**YOUR INSTRUCTIONS:**
Would you return exactly the lines below from the line with "Modern kitchen with" through the line with "Халкидики, туры на", both included, and nothing else, leaving out the pictures?

RECORDS SUPPLIED section start

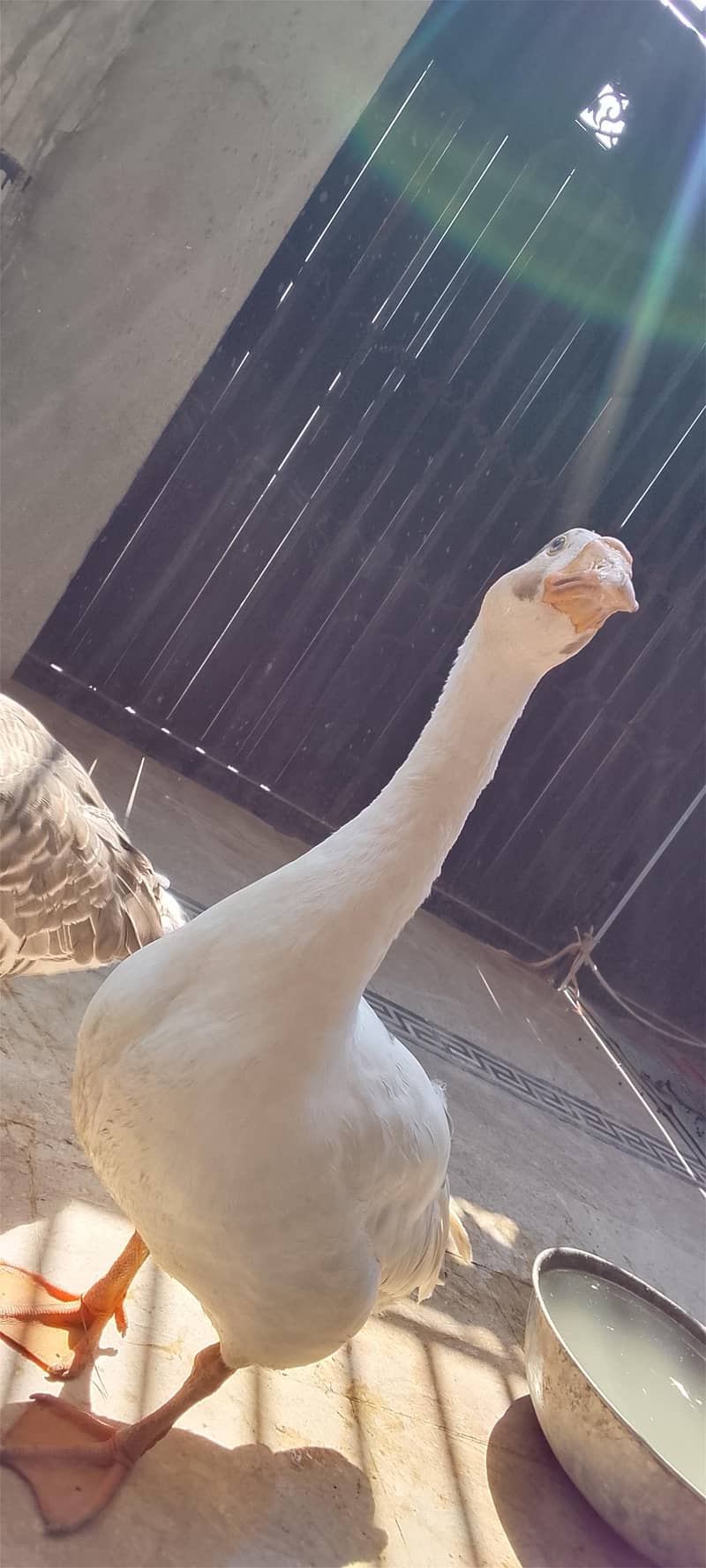 Chaines Goose pair 6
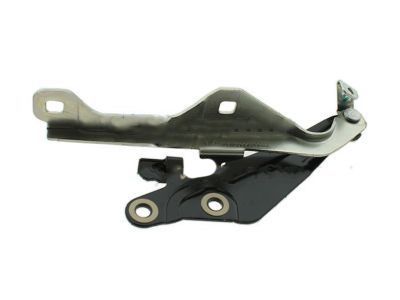 Ford FR3Z-16796-C Hinge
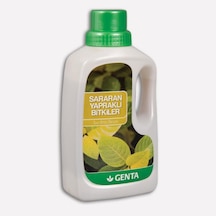 Ayrex Genta Sararan Yapraklar İçin Sıvı Besin - Sıvı Gübre 500 Cc 0,250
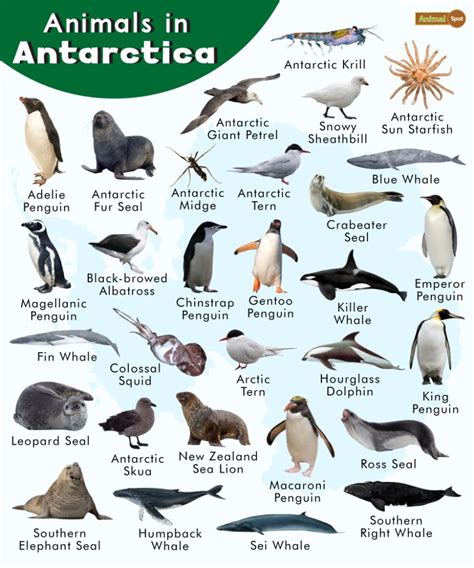 Animals in Antarctica List, Facts, and Pictures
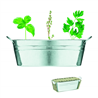 Cynkowa wanienka z nasionami MIX SEEDS
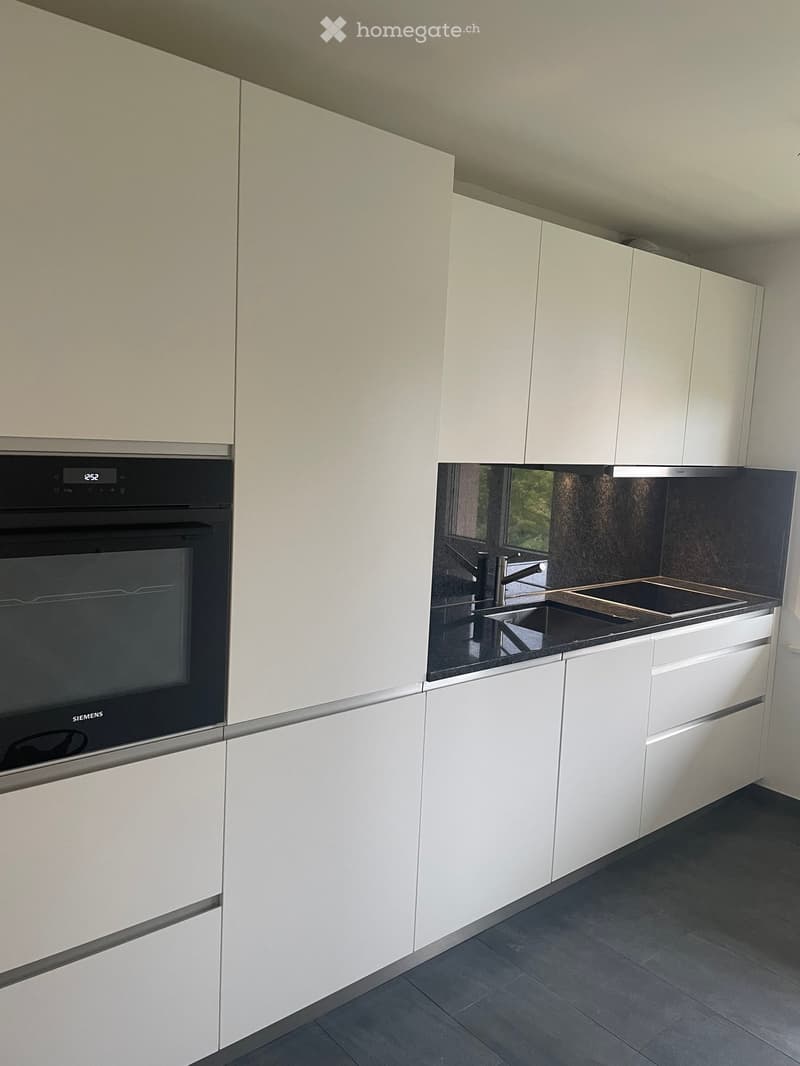 Modern kitchen with white cabinets, a built-in Siemens oven, a sink with a modern faucet, and a dark countertop.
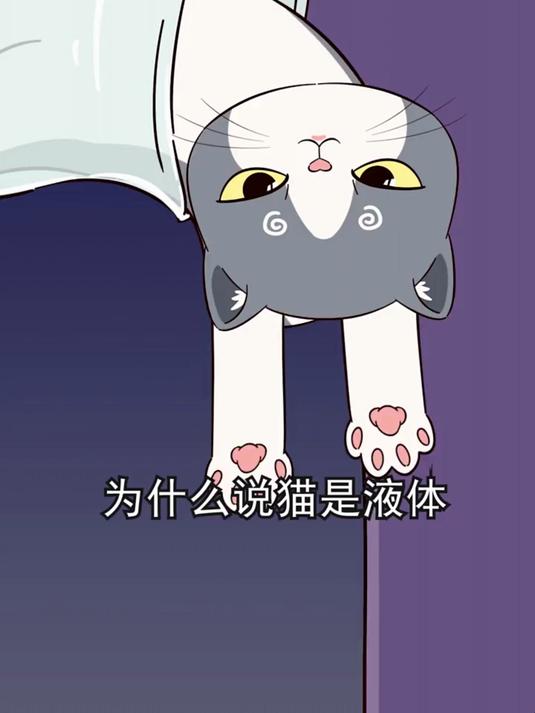 为什么猫咪是液体,猫咪肉垫是什么味道,歪头杀是对你卖萌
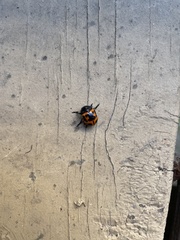 Labidomera clivicollis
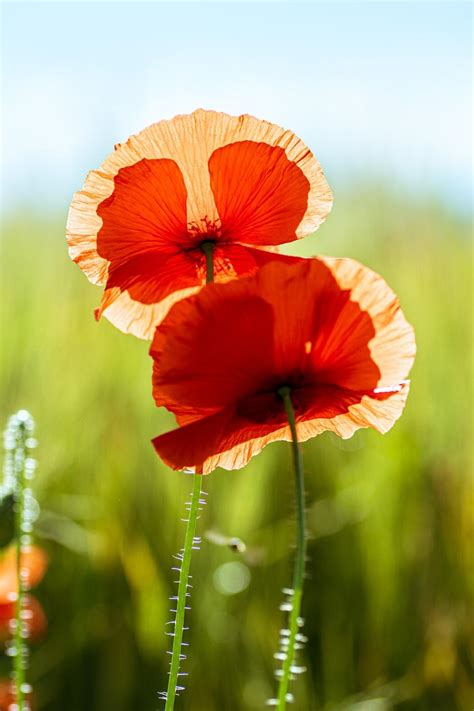 Orange Poppies Wallpapers - Top Free Orange Poppies Backgrounds ...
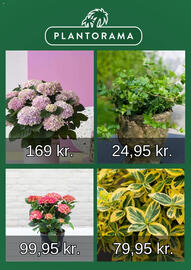Plantorama tilbudsavis Side 5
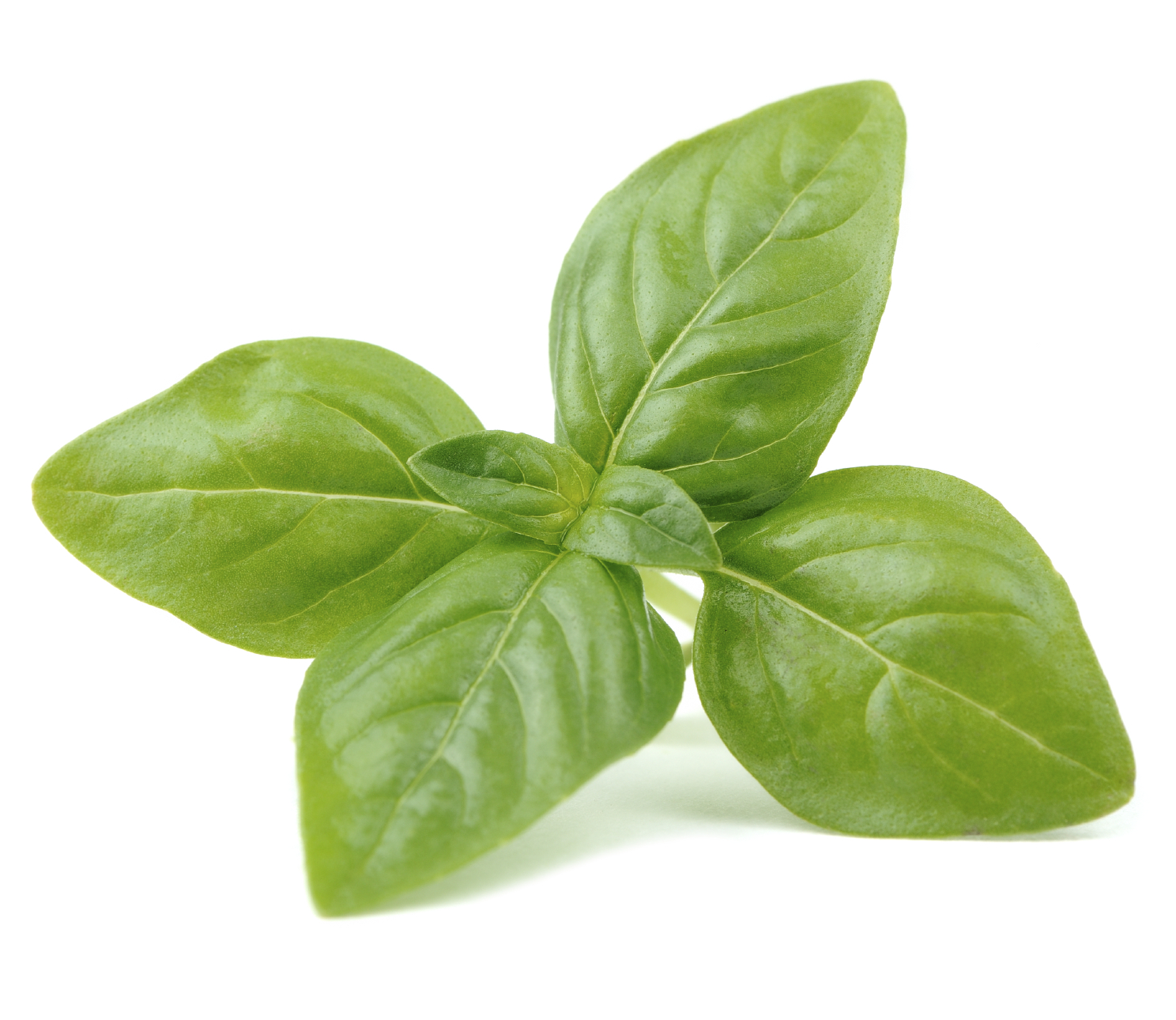 basil herb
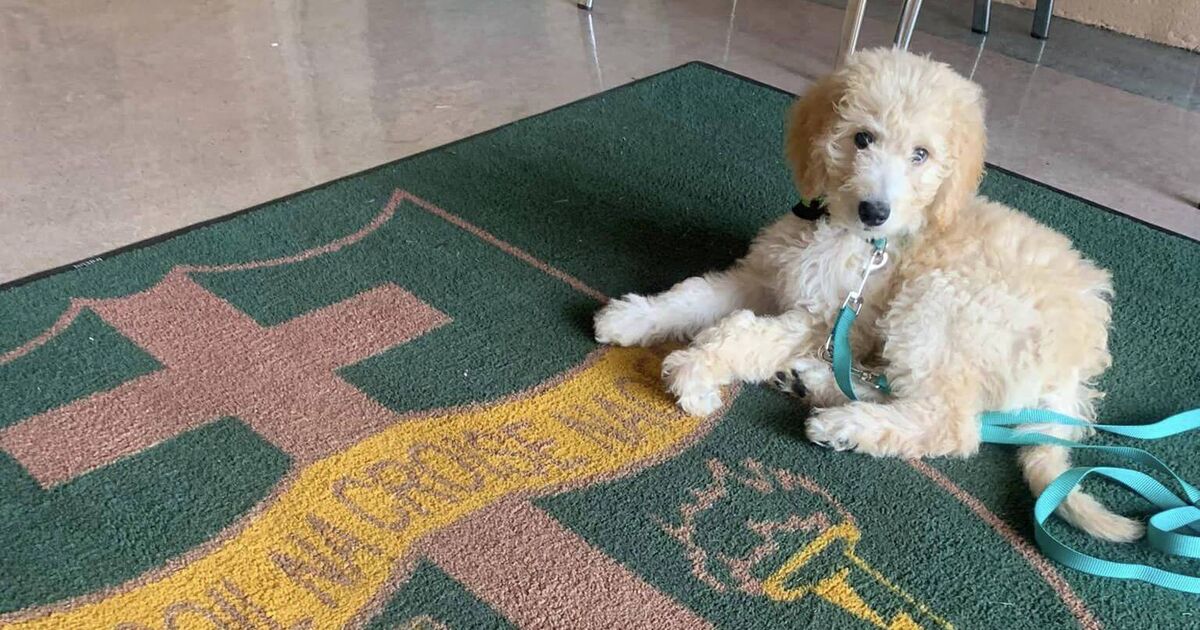 Mahon primary school welcomes new therapy dog - Vimarsana News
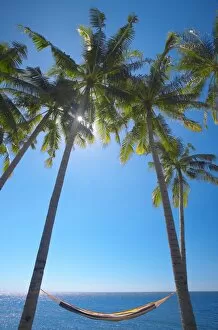 Hammock between palm trees on beach, Bali, Indonesia, Southeast Asia, Asia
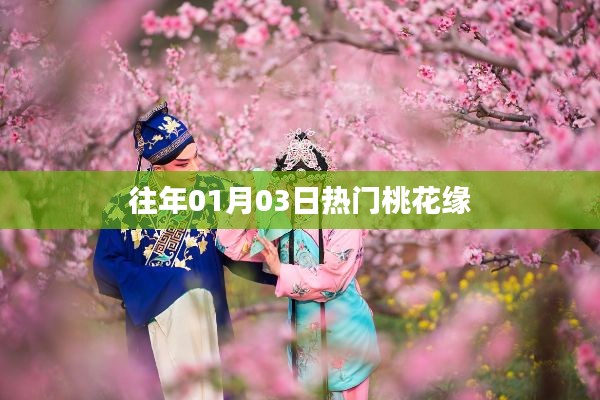 往年一月初桃花盛開，緣分盛開日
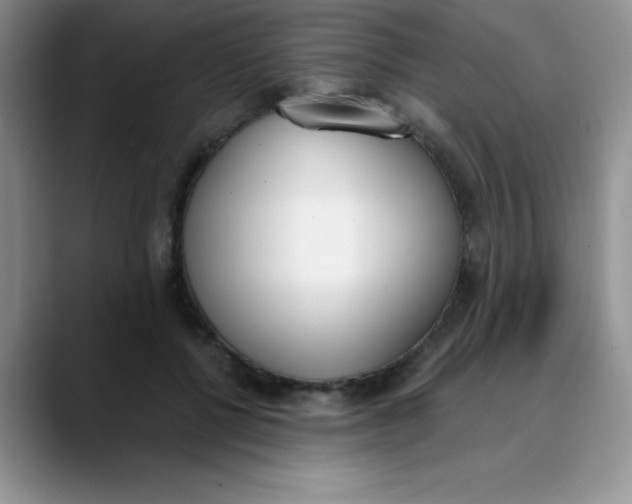 X0000089850552200707191904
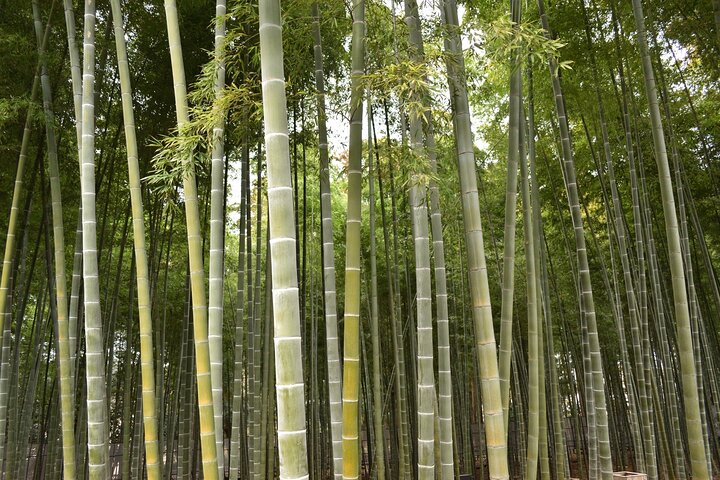Ibaraki: Kairakuen, One of Japan’s Three Great Gardens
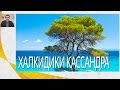 Халкидики, туры на п-ов Кассандра и в пос. Неа Каликратия | Вебинары по Греции | Mouzenidis Travel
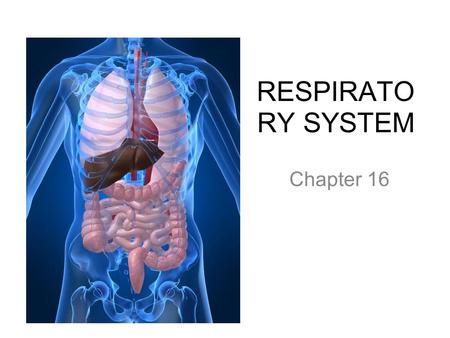 RESPIRATO RY SYSTEM Chapter 16. PRIMARY FUNCTIONS Exchange gases (oxygen and CO2) Produce vocal sounds Sense of smell Regulation of blood PH.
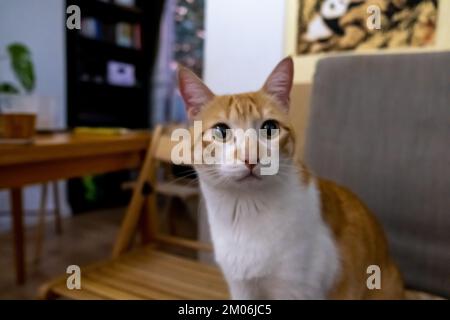 Happy white and orange cat seated on a chair at the living room Stock Photo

RECORDS SUPPLIED section end

**SOLUTION BELOW:**
 Modern kitchen with white cabinets, a built-in Siemens oven, a sink with a modern faucet, and a dark countertop.
 为什么猫咪是液体,猫咪肉垫是什么味道,歪头杀是对你卖萌
 Labidomera clivicollis
 Orange Poppies Wallpapers - Top Free Orange Poppies Backgrounds ...
Plantorama tilbudsavis Side 5
 basil herb
 Mahon primary school welcomes new therapy dog - Vimarsana News
 Hammock between palm trees on beach, Bali, Indonesia, Southeast Asia, Asia
 往年一月初桃花盛開，緣分盛開日
 X0000089850552200707191904
Ibaraki: Kairakuen, One of Japan’s Three Great Gardens
 Халкидики, туры на п-ов Кассандра и в пос. Неа Каликратия | Вебинары по Греции | Mouzenidis Travel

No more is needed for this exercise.